The last few years have greatly changed the public relations industry, and when most people start to think about the future, it seems that what’s happening right now is relatively calm. This is largely because the world is about to undergo a tectonic shift that’s going to fundamentally change the way that most businesses and industries currently operate.
The upcoming change is a brand new iteration of the web, titled Web 3.0, and it’s promising to be as big of a change as the web underwent two decades ago, when it became a lot more accessible to consumers, and media businesses and the digital marketing industry were created.
For the PR industry to be able to keep up with this big change, it’s important to stay ahead of any shifts, because Web 3.0 isn’t going to be all about learning a brand new strategy or channel. It’s going to end up changing the way that many businesses operate, the way consumers and businesses make transactions, communicate, entertainment, and potentially, the concept of ownership itself.
That means, to keep up, everyone will have to reimagine the way that the internet operates into something completely new, that’s going to bridge the gap between the physical and the digital worlds. In fact, platforms such as Fortnite and Roblox, while specific to the gaming industry, already have millions of users around the globe that use them on a daily basis to play games, of course, as well as to create, buy, sell, trade, and socialize.
Privacy Concerns
In the last few years, many regulators and consumers have started responding to the way that advertising has managed to start crossing various boundaries and has begun infringing on the privacy of everyday people. At the same time, many marketers have played a big role in the funding and spread of misinformation, disinformation, hate speech, and empowerment of bad actors.

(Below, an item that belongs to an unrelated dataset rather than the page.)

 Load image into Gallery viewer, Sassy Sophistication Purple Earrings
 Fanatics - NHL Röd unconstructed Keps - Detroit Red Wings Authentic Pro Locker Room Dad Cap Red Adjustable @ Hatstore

Now, Web 3.0 is promising to become a more intimate space, which can mean that those issues can become a lot more prevalent. That means the PR industry needs to think ahead and figure out some common methodologies, standards, or rules so that corporations can avoid making the same mistakes they’ve already made in Web 2.0.
Partnerships
Although Web 3.0 and the metaverse alongside it are often being described by many experts as a single platform that’s being developed by many in Silicon Valley, that’s not quite the case. In fact, over the past decade, everyone has noted that technology can only progress as far as its most innovative storytellers and creative thinkers. That means brands and media companies will have to play a big role in creating what consumers will be able to do inside the metaverse.
To do that, everyone that’s been trying to adapt to Web 3.0 should also start creating partnerships and developing best practices in VR and AR. Additionally, media companies and marketers will have to make partnerships as early as possible to make the most of this new web, as giant competitors along the likes of Whatsapp and Telegram are going to start popping up, creating their own virtual spaces in no time.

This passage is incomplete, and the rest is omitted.